Человек, достигший этой цели – но только этой и поэтому не способный при всем желании говорить «обильно» – может называть себя оратором, но только из разряда меньших, так как великому оратору необходимо владеть высоким стилем, если встретится соответственное дело. Так‑то Демосфен, несомненно, сумеет говорить простым стилем, Лисий же возвышенным – не всегда. Если же мои противники воображают, что было уместно – в то время как форум и все окружающие форум храмы кишели солдатами, – говорить за Милона точно так же, как если бы я вел частное дело перед единоличным судьей, то они к ораторскому искусству прилагают мерило собственного таланта, а не самого предмета. Они между тем усердно распространяют мнение, одни – что именно они‑то и говорят по-аттически, другие – что из наших так никто не говорит. С первыми я спорить не буду: им достаточно ответил их собственный опыт, состоящий в том, что они или не приглашаются в поверенные, или, будучи приглашены, вызывают насмешки (именно насмешки, а не смех: смех – примета аттического красноречия).
Что же касается тех, которые оспаривают мою прикосновенность к аттическому стилю, сами не выдавая себя за ораторов, – то, если они обладают чуткостью уха и тонкостью суждения, их можно привлечь в качестве критиков на тех условиях, на каких при оценке картины привлекают также и тех, которые, не будучи живописцами, умеют, однако, здраво судить о живописи. Если же все их знание состоит в их неспособности поддаваться обаянию речи и им поэтому не нравится высокий и роскошный слог, то пусть они так и говорят, что они требуют от оратора лишь тонкости и гладкости рассуждения и не признают величавой и прекрасной речи. Но пусть они перестанут называть ораторов тонких единственными представителями аттического, т. е. здорового и чистого, стиля; речь при всей своей чистоте торжественная, прекрасная и обильная, тоже свойственна Аттикам.
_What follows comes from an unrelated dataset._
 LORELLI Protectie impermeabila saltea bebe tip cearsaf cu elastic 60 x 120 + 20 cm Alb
Но и помимо того: если нам предстоит выбор между речью только удовлетворительной и речью, возбуждающей кроме удовлетворения еще и восторг, – может ли наш ответ быть сомнительным? Это касается уже не вопроса об аттическом, а вопроса об идеальном красноречии.
А так как лучшие из греческих ораторов были афинские, их же глава несомненно, Демосфен, то отсюда следует, что тот, кто воспроизведет стиль Демосфена, будет заодно и самым аттическим и наилучшим оратором. <…>
<…> Ибо что может быть тяжелее, чем решить, каков лучший образ и как бы лучший облик речи, когда славные ораторы так не похожи друг на друга? <…> Итак, ты все чаще меня спрашиваешь, какой род красноречия нравится мне больше всех и каким я представляю себе то красноречие, к которому ничего уже нельзя прибавить, которое я считаю высшим и совершеннейшим? Но тут я боюсь, что если я выполню то, чего ты хочешь, и обрисую такого оратора, какого ты ищешь, этим я ослаблю усилие многих, кто в бессилии отчаянья откажется посягать на то, чего не надеется достигнуть.
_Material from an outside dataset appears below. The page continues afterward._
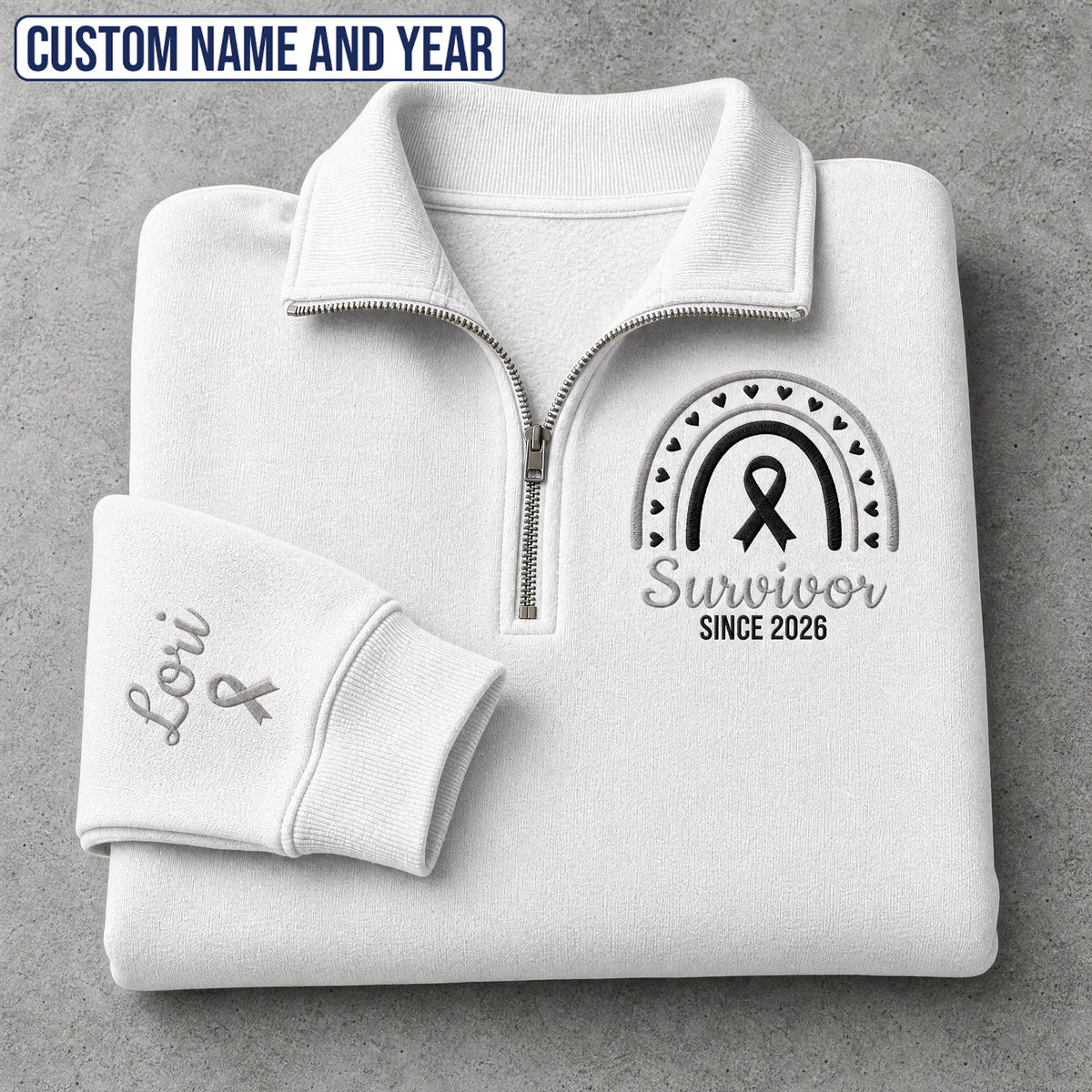Personalized Gray Ribbon Inspired Name & Year Embroidered Unisex Quarter Zip Sweatshirt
Но по справедливости, на все должны посягать все те, в ком есть желание прийти к цели великой и достойной великих усилий. А у кого не хватит природных данных или силы выдающегося дарования или кто будет недостаточно просвещен изучением великих наук, пусть и он идет по тому пути, по какому сможет, ибо если стремиться стать первым, то не позорно быть и вторым, и третьим.
Ведь и среди поэтов есть место не одному Гомеру, если говорить о греках, и не одному Архилоху, или Софоклу, или Пиндару, но и вторым после них, и даже тем, кто ниже вторых. Так же и в философии величие Платона не помешало писать Аристотелю, и сам Аристотель своими поистине дивными знаниями и плодовитостью не угасил усердия остальных. <…> Поэтому тем, кто посвятил себя изучению красноречия, незачем терять надежду или ослаблять усердие: даже в достижимости совершенства не следует отчаиваться, а в высоких предметах прекрасно и то, что лишь приближается к совершенству.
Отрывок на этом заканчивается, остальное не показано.